The modern lifestyle involves a tremendous amount of sitting. Many of us are glued to our desks, slouched over a computer screen or paper, and once we get off work, we spend our free time hunched over our computer screen or lounging on the sofa with a drink.
Sedentary Lifestyle Risks
Since our spines have evolved over the last hundreds of thousands of years to support us as hunters and gatherers, not sitters, you would expect that being mostly sedentary throughout our lives would leave some serious negative repercussions.
Sedentary Lifestyle Effects On Muscles
Workplace medicine is a well-threaded field. There seem to be as many reviews of previous research on the relation between back pain and sedentary working condition as there are actual studies on the topic.
Most of the reviewers point to the same good news: sitting at your desk from eight to five doesn’t seem to cause any significant level of damage to the spine or back. (At least not to the cohorts involved, which looked to us like a relevant cross-section of the general population). Athletes seem to be most at risk of spinal injury.
Sitting And Back Pain – Don’t Over Do It!
A study conducted by the University of Qatar on back pain and sedentarism among University employees found a direct correlation between spending too much time in chairs and backaches.
Out of the 479 colleagues they questioned, 293, or 61% percent, reported lower or upper back pain. As if that wasn’t enough, it seems that excessive sitters also tend to be more depressed, with a significant correlation between sedentary work and a self-reported depressed mood.
Also, “excessive” is what one might call the number of monthly working hours your average South-Korean was expected to work back in 2010. A study on a cohort of just under 15,000 Korean adults of all ages established that sitting down more than seven hours a day can cause back pains, the severity of which increases the longer you spend on a chair and the older you are.
So, to conclude, a typical eight-hour workday at the desk might not stress our spines too much, but longer than that is dangerous territory.
Shifting In Your Seat Ain’t That Bad!
For one, maintaining proper posture, like what our elementary school teacher told us, should work very well for the spine, although it might fatigue our back muscles at first. However, futzing around in your chair is a lot better than sitting tightly.

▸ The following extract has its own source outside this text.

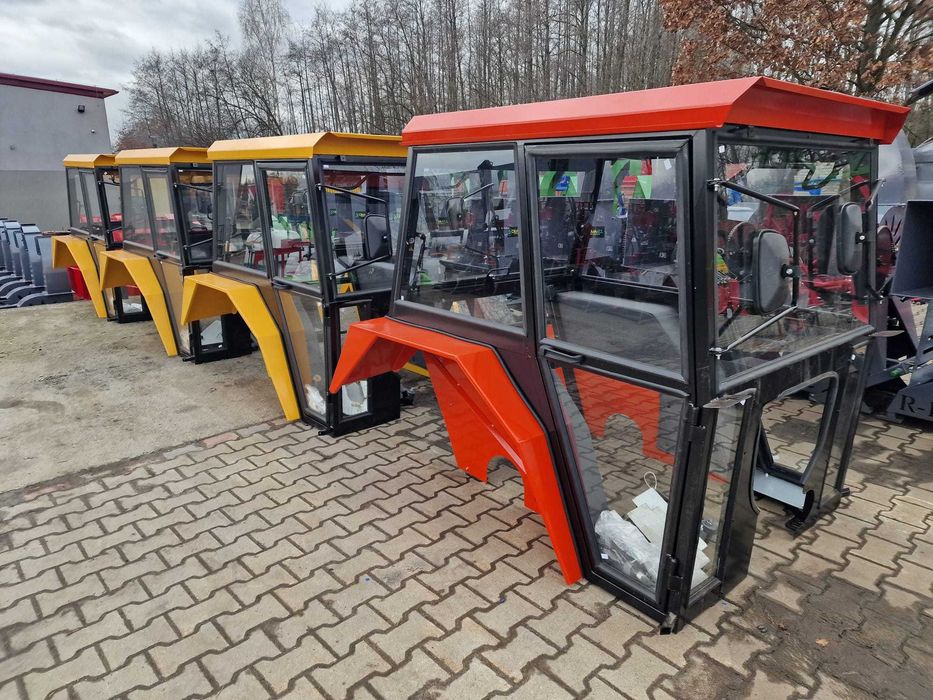 CZĘŚĆ do C330/C360 kabina z błotnikami NOWA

A 2019 study on call center employees found that those who changed posture and position a lot while seated reported significantly less back strain than their “stiffer” counterparts.
It seems there’s little to gather from this since most of us change our sited position to what feels comfortable without giving it a thought. But being too focused on whatever mental activity we might be doing can make us “freeze in place,” as it were, for literal hours on end.
You don’t need to apply some mental exercise to avoid straining your back from lack of movement; try being less tense at work and let your body handle the rest.
Give Your Back A Break!
Don’t forget to rise from your chair and walk around from time to time. You can spend half of your waking hours seated without developing chronic spinal problems, but that doesn’t mean you should do them all in one go.
Always take your hourly break at work; there will be plenty of sitting around to do at home.
Ironically, smokers don’t face the problem of getting glued to their office chairs, so walking outside or going up and down the stairs will provide them with some exercise.
Best Way to Exercise?
It might seem intuitive that we should ease our bodies into physical strain after long hours of idleness at work or home. Well, light exercising is never insufficient, but it’s not the best we can do either.
There are different opinions regarding the usefulness of stretching and warm-ups outside of professional sports. Research suggests that vigorous physical exercise is one of the best things we can do for our spines after hours of sitting down. And there is further research to back this conclusion.
So forget about a nice walk in the park after a mentally exhausting day at work; just hit the gym or squash court!